On the Benefits of Active Data Collection in Operator Learning
This work addresses a foundational issue in machine learning by demonstrating the superiority of active over passive data collection for operator learning, which could impact methods relying on such operators.
The paper tackles the problem of data collection strategies in operator learning, showing that active strategies can achieve arbitrarily fast error convergence rates depending on eigenvalue decay, while passive strategies have a non-vanishing lower bound and never exceed linear decay.

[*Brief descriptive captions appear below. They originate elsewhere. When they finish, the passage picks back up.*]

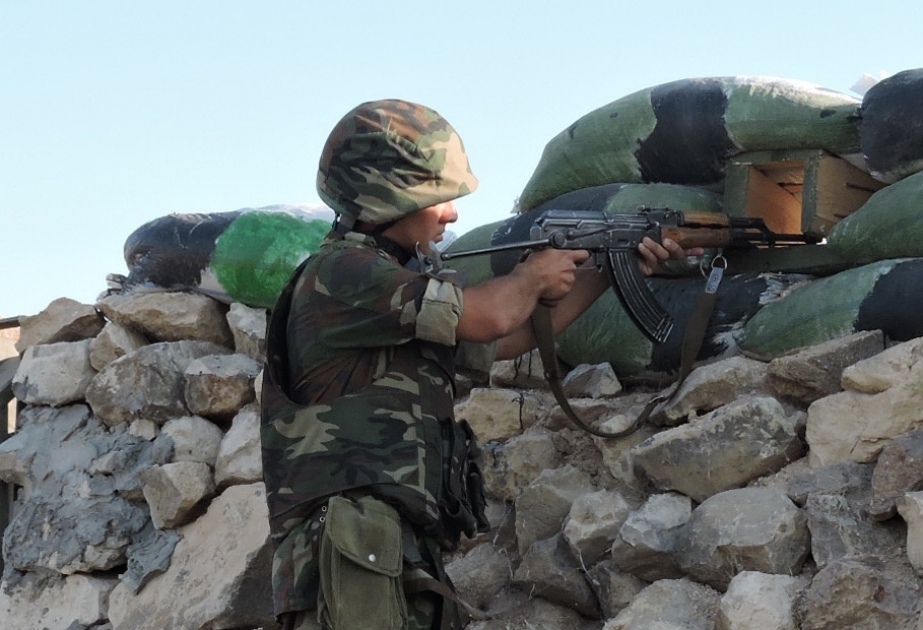 Armenische Armee beschießt aserbaidschanische Stellungen mit Maschinen-und Scharfschützengewehren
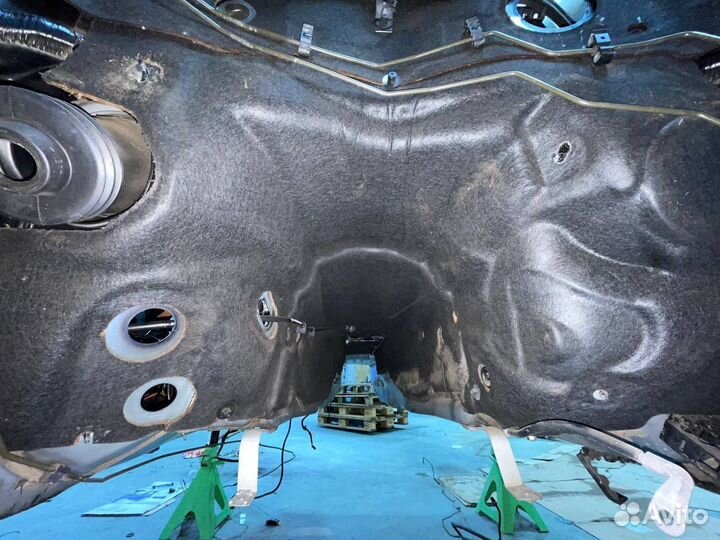 Шумоизоляция туннеля Мерседес w211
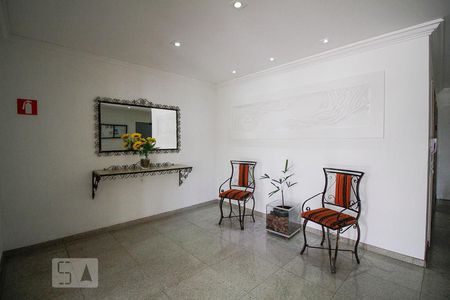 Apartamento para alugar com 93m², 3 quartos e 2 vagas Apartamento para alugar com 93m², 3 quartos e 2 vagasHall social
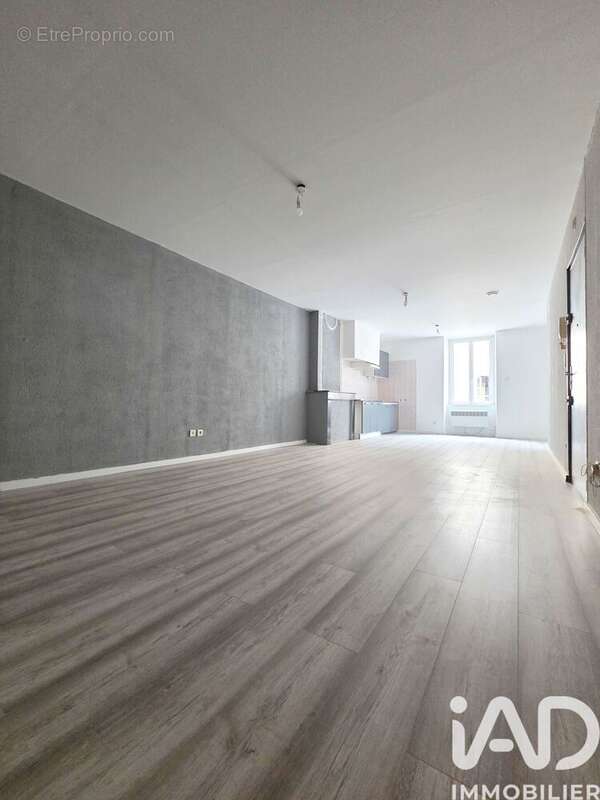 Photo 3 - Appartement à SAINT-LAURENT-DE-LA-SALANQUE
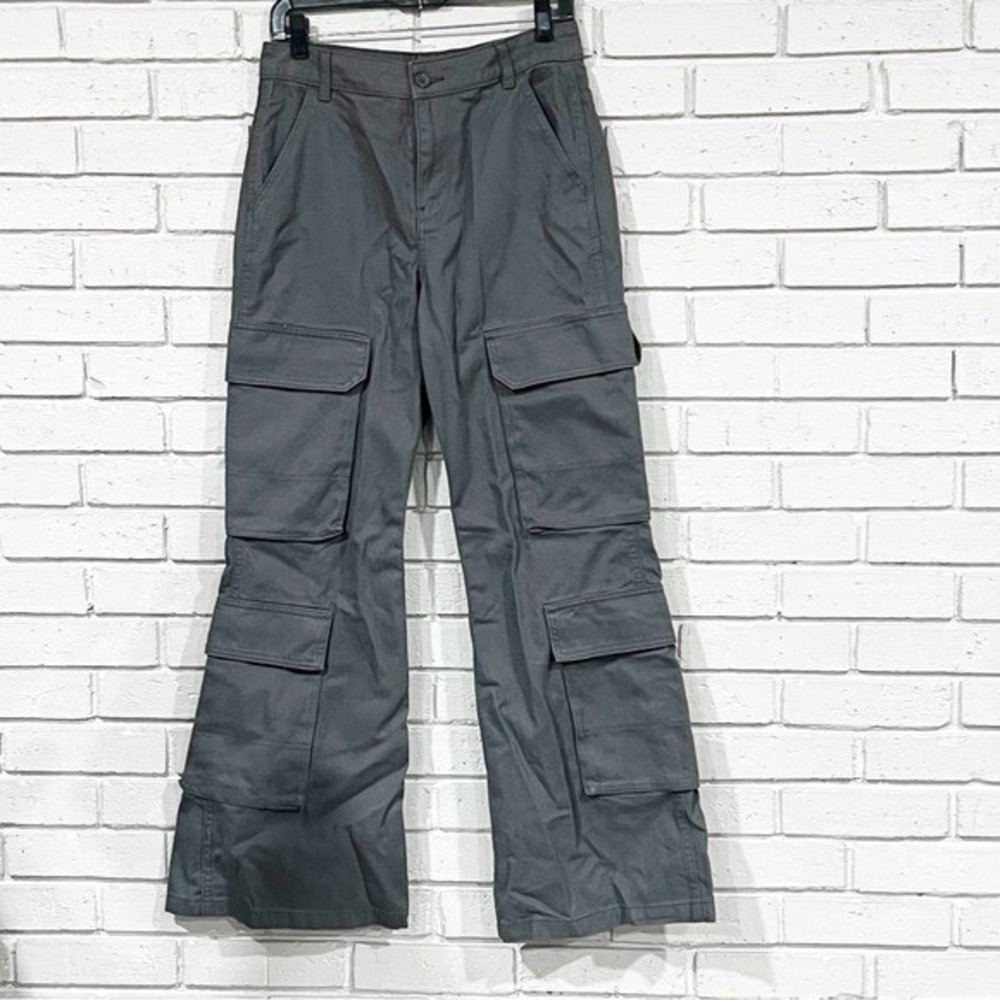 H&M Divided Gray Multi Pocket Wide Leg Cargo Pants Gorpcore Utility NWT 4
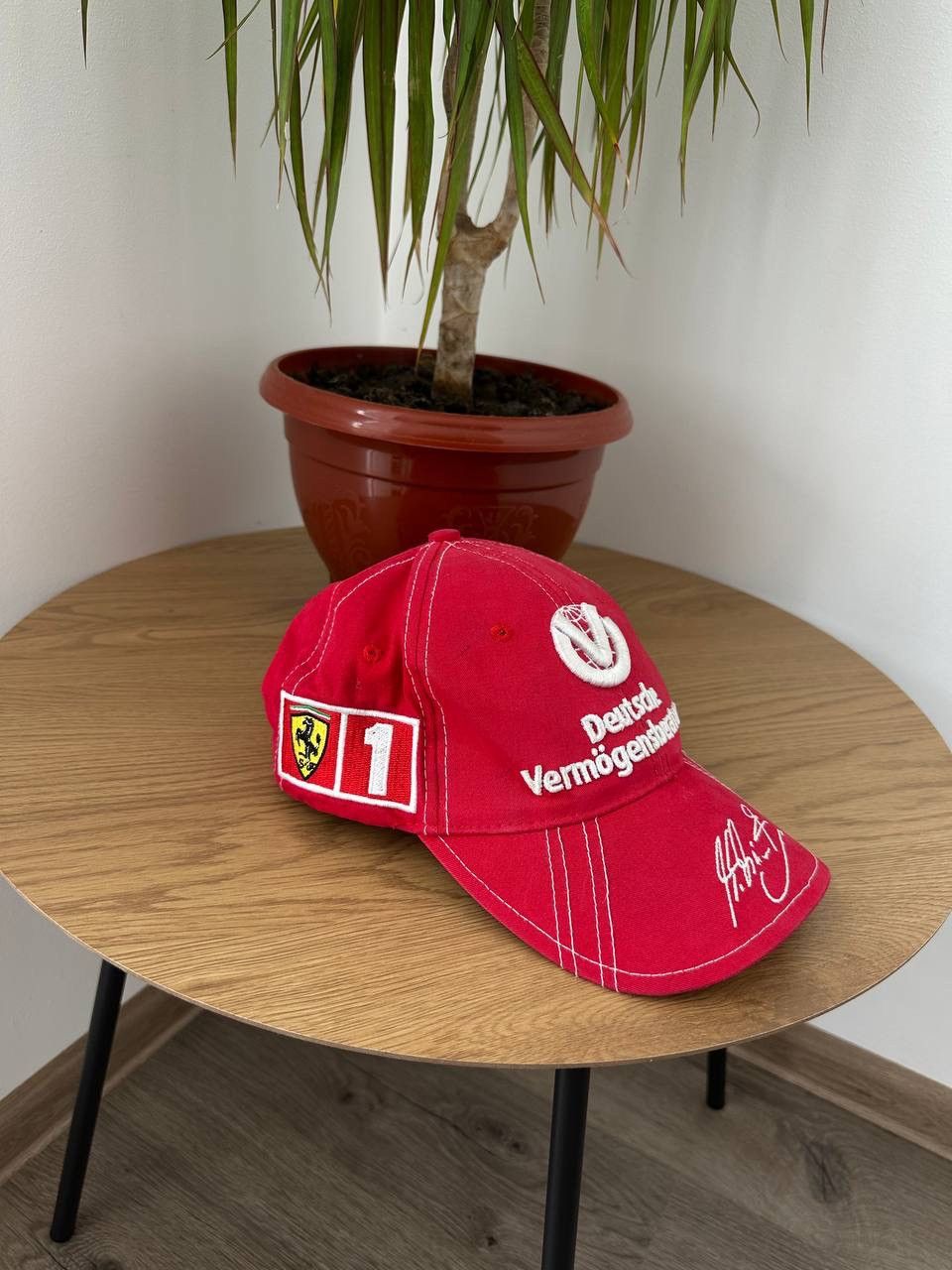 Ferrari Michael Schumacher Cap Deutsche Vermogensberatung Ferrari Size ONE SIZE - 2 Thumbnail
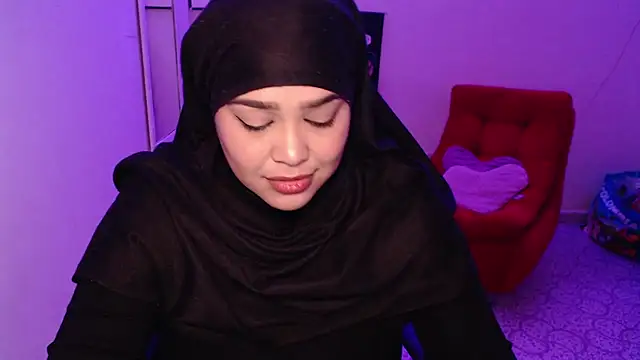 VenussTits97 online show from December 15, 2025, 11:31 pm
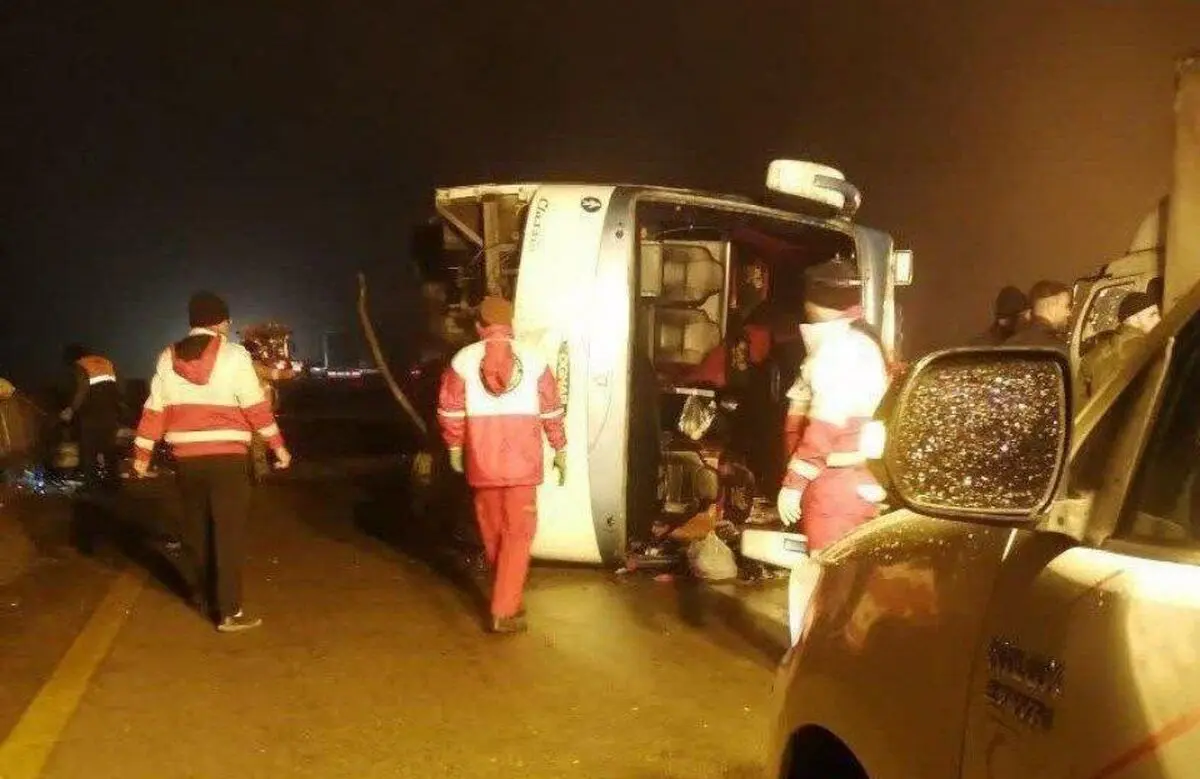 واژگونی مرگبار اتوبوس در جاده شوش به اهواز | تلفات حادثه چقدر بود؟ 2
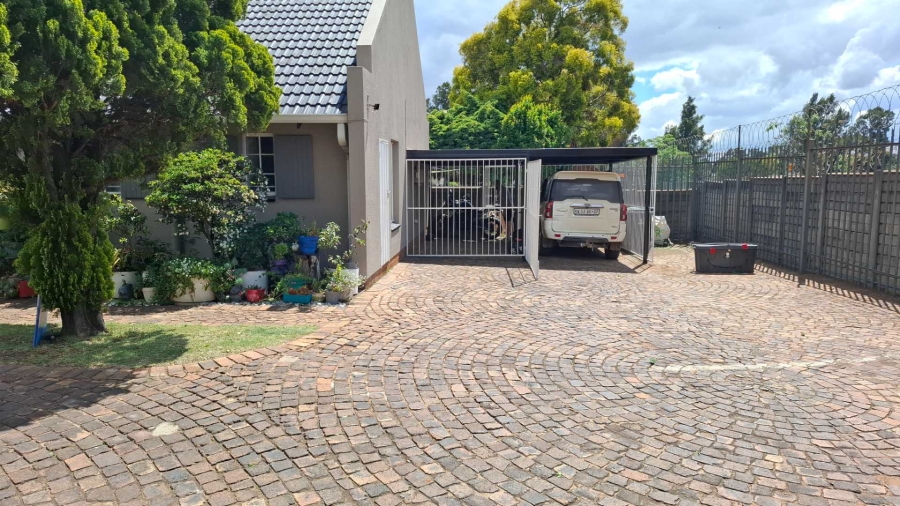 2 Bedroom Property for Sale in Albertsdal Gauteng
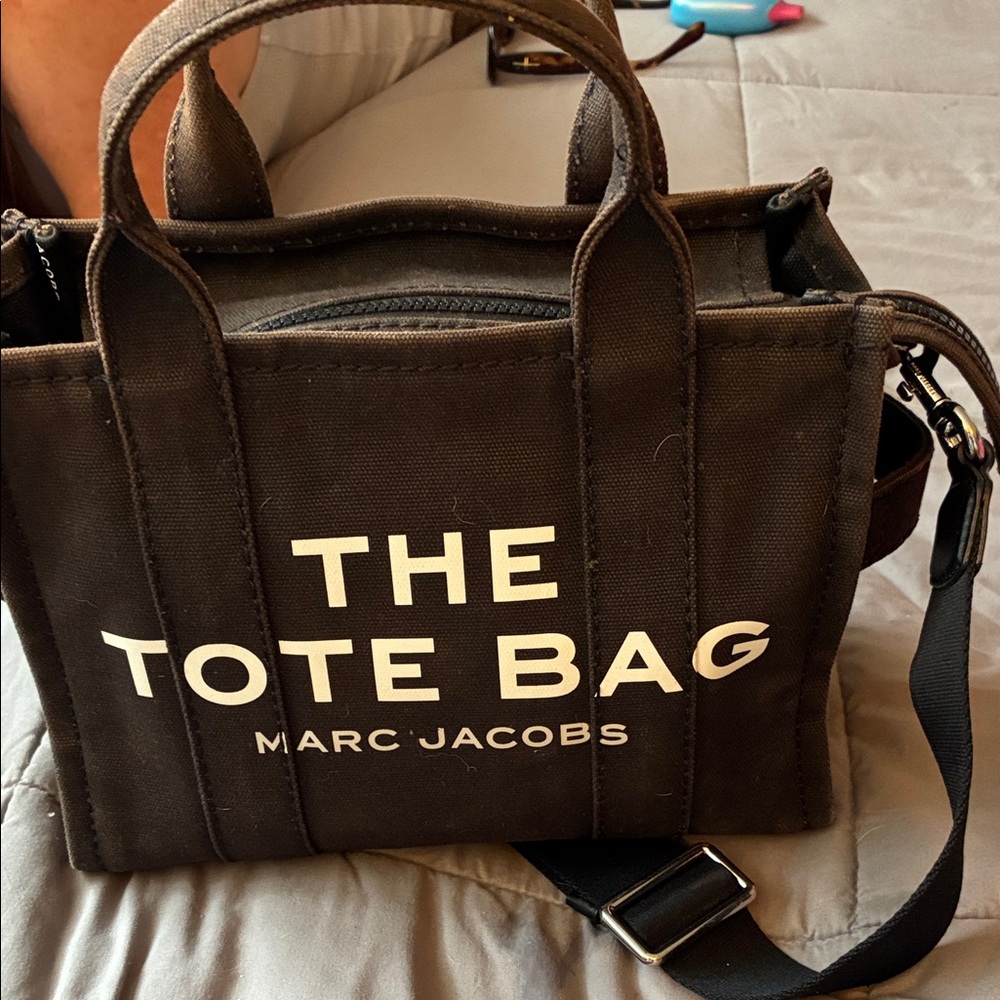 Marc Jacobs Black Messenger Bag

We study active data collection strategies for operator learning when the target operator is linear and the input functions are drawn from a mean-zero stochastic process with continuous covariance kernels. With an active data collection strategy, we establish an error convergence rate in terms of the decay rate of the eigenvalues of the covariance kernel. We can achieve arbitrarily fast error convergence rates with sufficiently rapid eigenvalue decay of the covariance kernels. This contrasts with the passive (i.i.d.) data collection strategies, where the convergence rate is never faster than linear decay ($\sim n^{-1}$). In fact, for our setting, we show a \emph{non-vanishing} lower bound for any passive data collection strategy, regardless of the eigenvalues decay rate of the covariance kernel. Overall, our results show the benefit of active data collection strategies in operator learning over their passive counterparts.